How to Stop Your CEO from Becoming a Phishing Target
Business fraud affects businesses of all types and sizes, and there are no individuals within your business that are truly immune from the possibility of a targeted attack. However, there are some people who are more prone to an attack, simply because of the high value of their knowledge or access to the information within the business. Accountants, finance leads and your CEO are some of the most commonly-targeted individuals when it comes to business email compromise (BEC) attacks, more commonly known as phishing attacks. Knowledge is power, and these tips will help keep your CEO from becoming the next victim of these vicious attacks.
What’s the Difference Between Phishing, Spear Phishing and Whaling attacks?
While phishing is the most common term that you may hear, there are two additional terms that are often used when it comes to upper executives or more targeted attacks: spear phishing or executive whaling. These more specialized attacks go beyond the broadscale spam of phishing attacks that are meant to net any type of “fish” who is willing to click a link. In a spear phishing or whaling attack, the hacker has researched your business and knows enough from either social media or your corporate website to target specific individuals. Cybercriminals spend the time and effort to find any key vendors for your business or some personal details that will inspire confidence in your executives. The assailants then leverage this information to create a highly specific and tempting message that feels more like a personal email from a known vendor partner or internal asset in an attempt to gain control of your systems or to get access to sensitive information. The term spear phishing generally refers to tactics that are specific to a few mid-level individuals in your payroll or accounting department while executive whaling is targeted directly at your CEOs and other C-suite leaders.
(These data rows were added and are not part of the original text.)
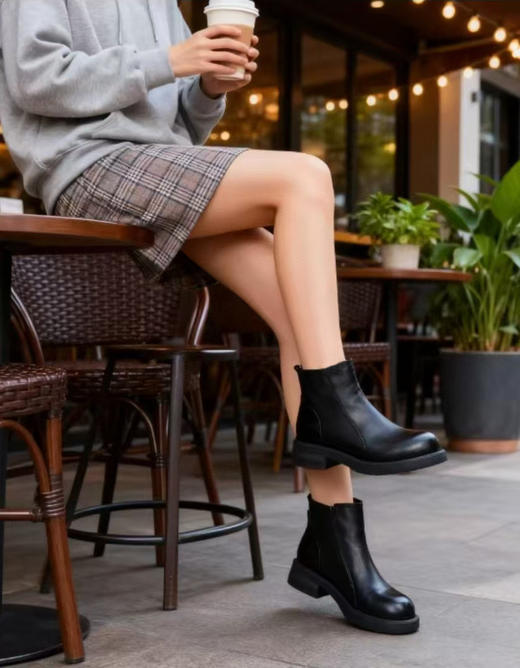 直发 抵押货清仓！巨保暖的加绒短，真皮软牛皮鞋面靴切尔西靴 商品图3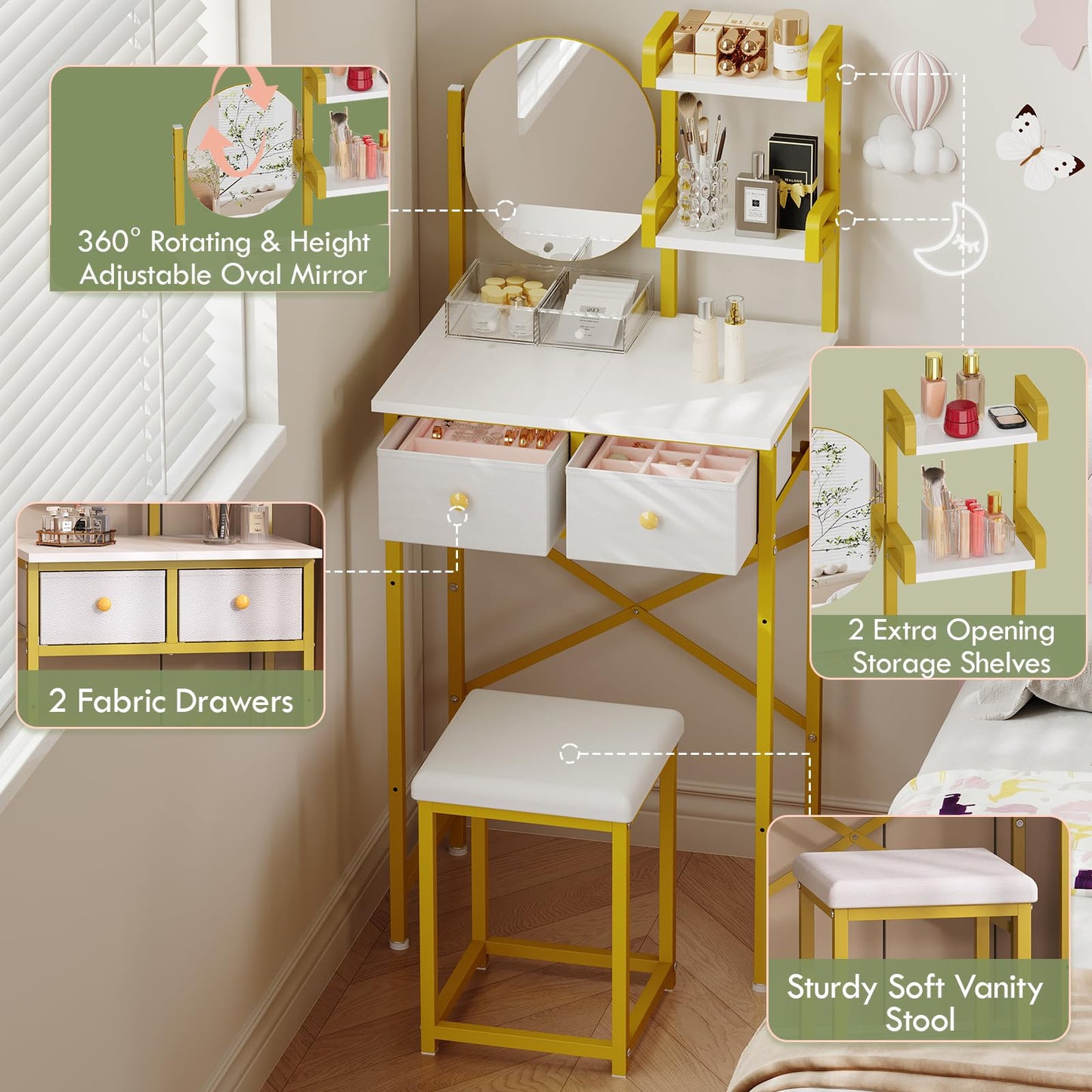X-cosrack 19.7"W Golden Small Vanity Desk Set with Adjustable Oval Mirror & Stool for Small Space, Mini Cute Cheap Makeup Vanity Table with Opening Shelves, Drawers for Teens Kids Girls Corner Bedroom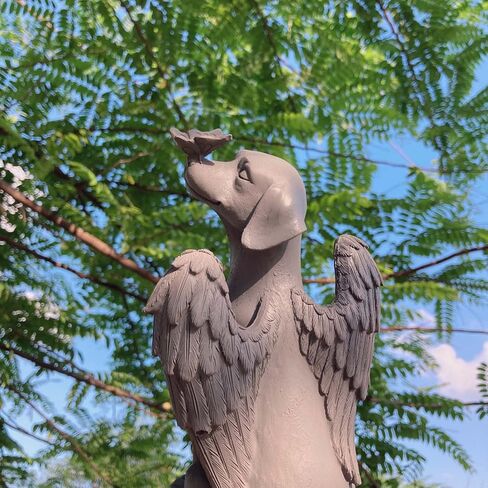 Carefree Fish Blue Stone Angel Wing Dog Statue Memorial Figurine Left Memory Stone Loss Sympathy Gift Condolences Present 8Inch in Saudi Arabia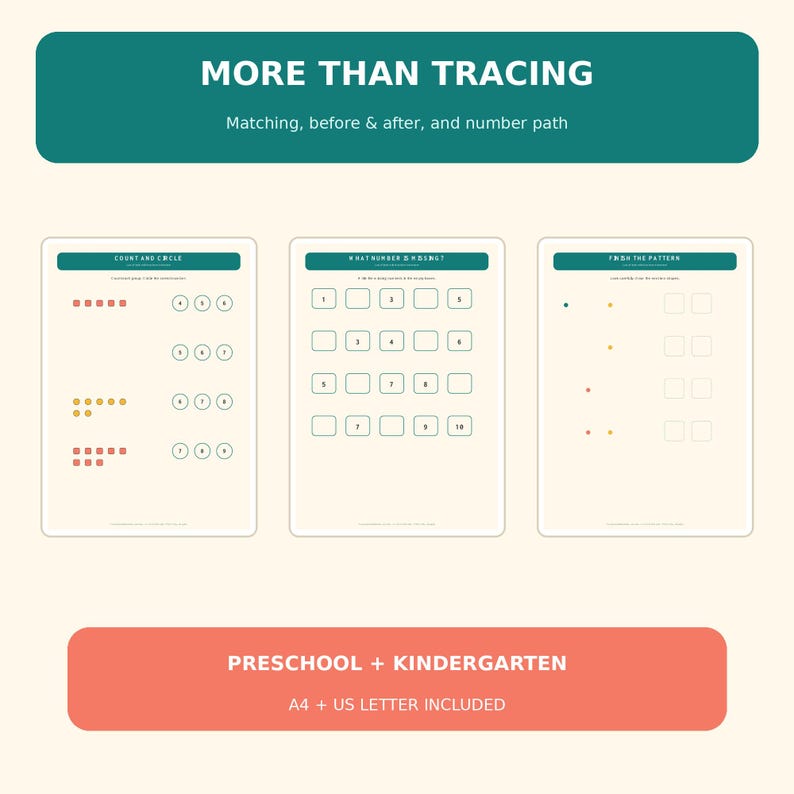 Numbers 1-10 Workbook, Preschool Counting Tracing Activities (A4 US ...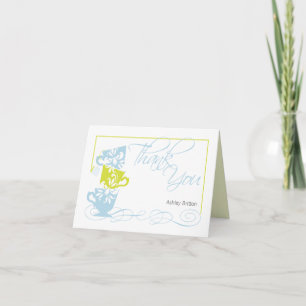 Bridal Shower Thank You Card Green and Blue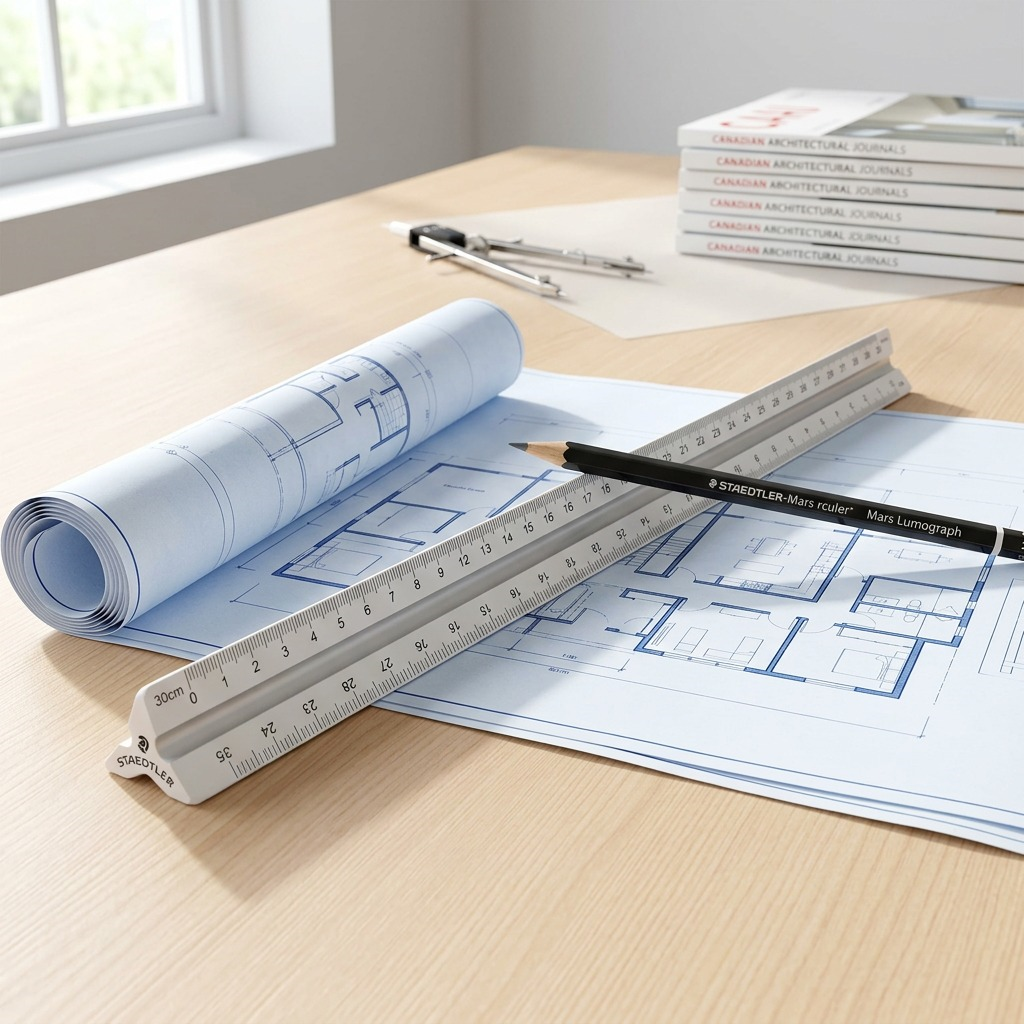 A shallow-angle perspective photograph of the 30cm triangular architect scale, without packaging, resting on a clean architect's drafting table next to blueprints. Natural daylight streams in from the side, highlighting the precise scale markings and fine texture. A professional drafting pen rests nearby.
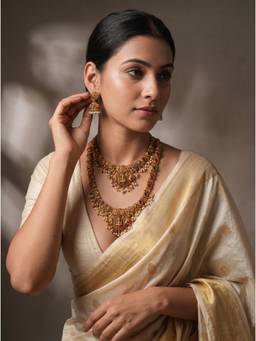 Saraf RS Jewellery - Women Antique Gold Plated Multicolour Kundan Two-Layer Temple Haar Set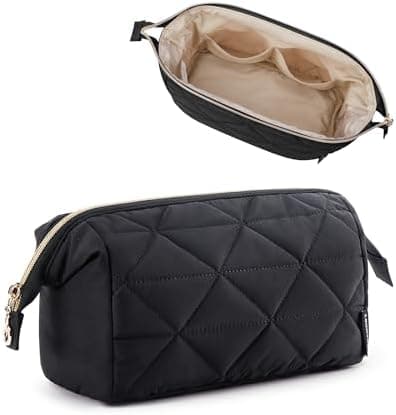 BAGSMART Makeup Bag Travel Makeup Bag, Cute Puffy Make Up Bag, Wide-open Cosmetic Bags for Women, Small Makeup Pouch for Travel Essentials Toiletries Accessories (Black)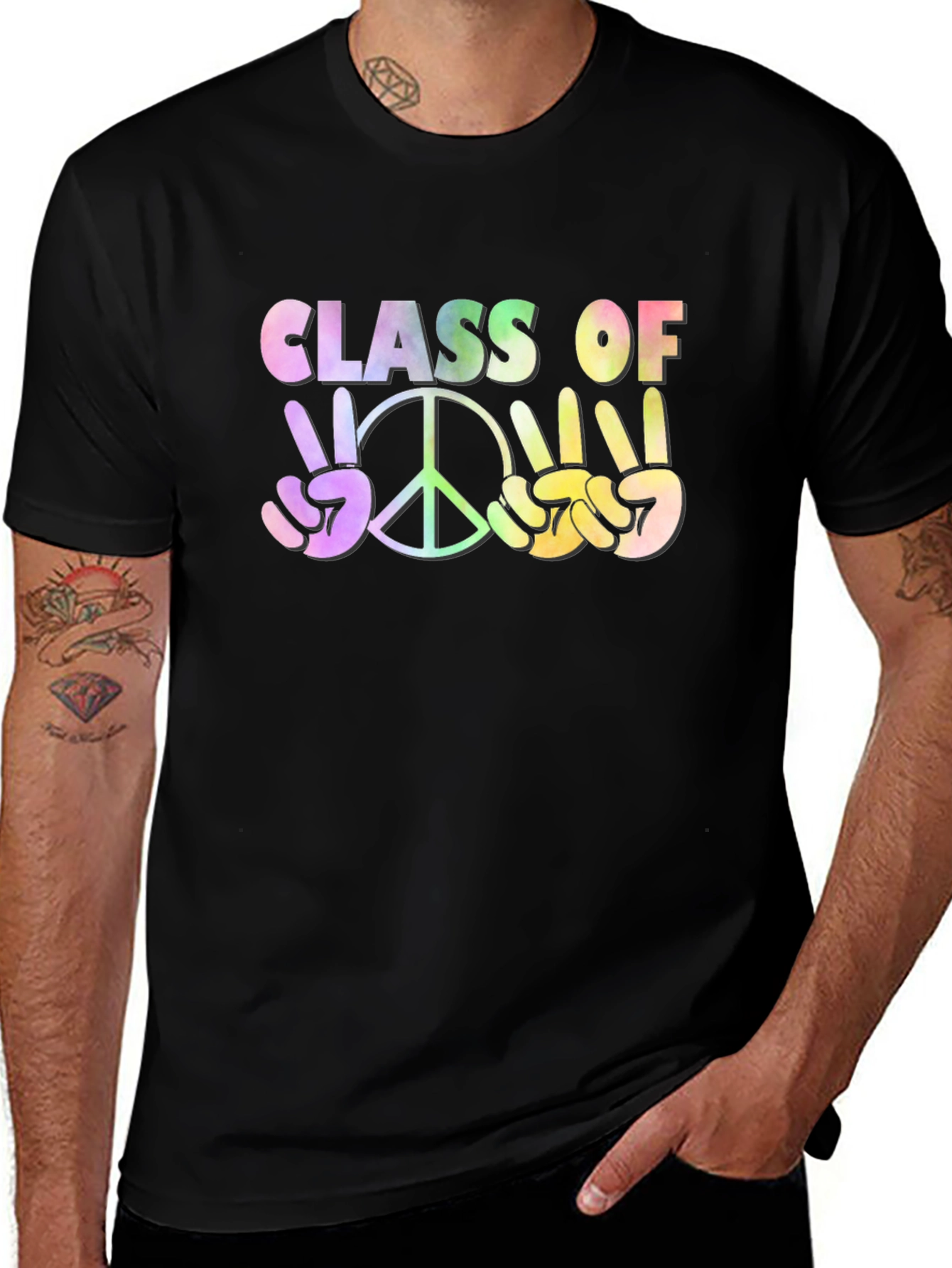 Class Of Peace Sign Graphic T-Shirt - Black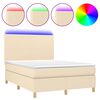 vidaXL Boxspring met matras en LED stof cr&egrave;mekleurig 140x190 cm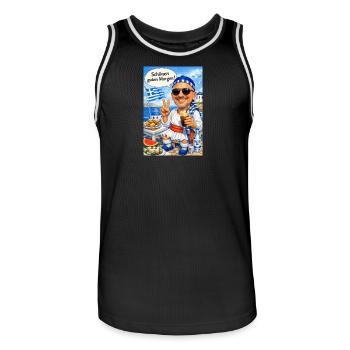 Hellas Morgengruß am Strand - Männer Basketball-Trikot - Schwarz/Weiß - Vorne - AI Model Male 185 dark (185cm)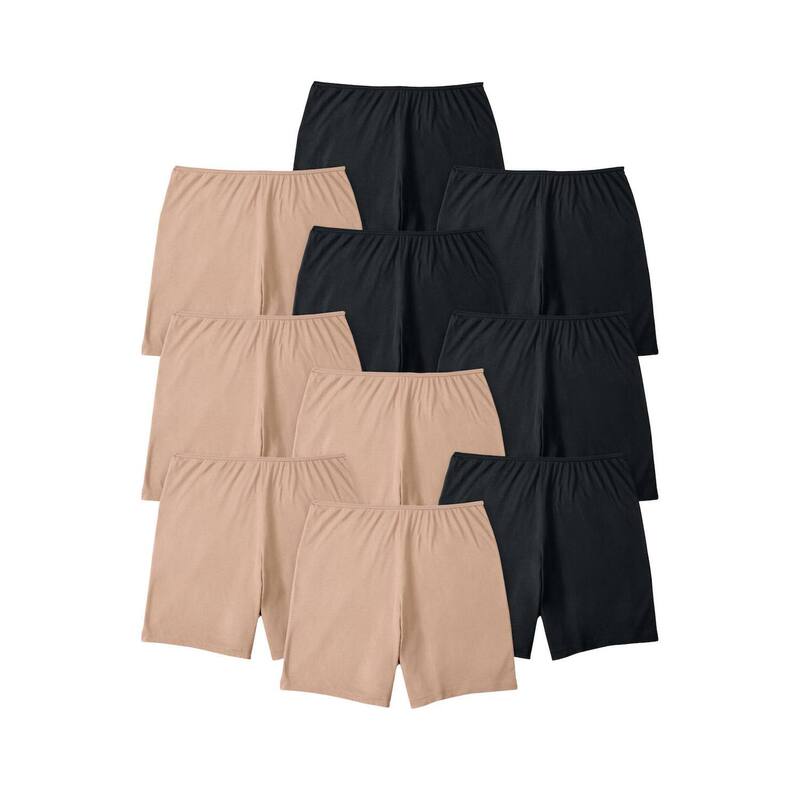 コンフォート チョイス レディース アンダーウェア パンツ プラスサイズ コットン Comfort Choice Plusize Cotton Boxer 10-Pack Beige Black Pack ブラック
What’s the Potential Payoff for Cybercriminals?
This investment by the cybercriminal is expected to have a high-dollar payoff and there’s only one chance at success — so the hacker has a vested interest in taking the time to do it right the first time. Each subsequent request increases the potential of being discovered and reduces the possibility of a return on their investment of time. The fraudulent emails are often requesting that the recipient transfer a large number of funds, pay a massive invoice or otherwise release information to what the target thinks is a “trusted” party. The FBI estimates that a single targeted whaling attack can release upwards of $150,000 in funds to a cybercriminal, making this an extremely lucrative pastime for these malicious actors.
Your CEO Should Be Wary of These Tactics
Coaching your CEO to stay out of the way of cybercriminals starts with an ongoing dose of education. In this case, attackers tend to follow a pattern of sorts that is relatively easy to isolate as long as you’re actively looking for this type of interaction. Receiving an email from vendors that have already invoiced you for the month, or requesting a different payment method that they have not used in the past (such as a direct funds transfer) should be a big red flag for your senior executives. Be cautious of emails that come in from trusted individuals with a slightly different email address; e.g. “@Micros0ft.com” instead of “@Microsoft.com”, as hackers are now spoofing entire mail domains in an attempt to release funds and data from your organization. Funds aren’t the only things that are requested by these organizations — personal information such as tax records also command a high rate on the dark web. This quick flowchart from KnowBe4.com may be a helpful graphic to share with your executive team.
Protecting your organization from the tactics of cybercriminals is not a one-time problem or solution, but requires an ongoing and dedicated effort to foil the efforts of these actors. Keeping your finance teams and senior executives safe can save your organization hundreds of thousands of dollars in remediation and notification costs, not to mention the frustration and difficulties associated with handling a significant breach.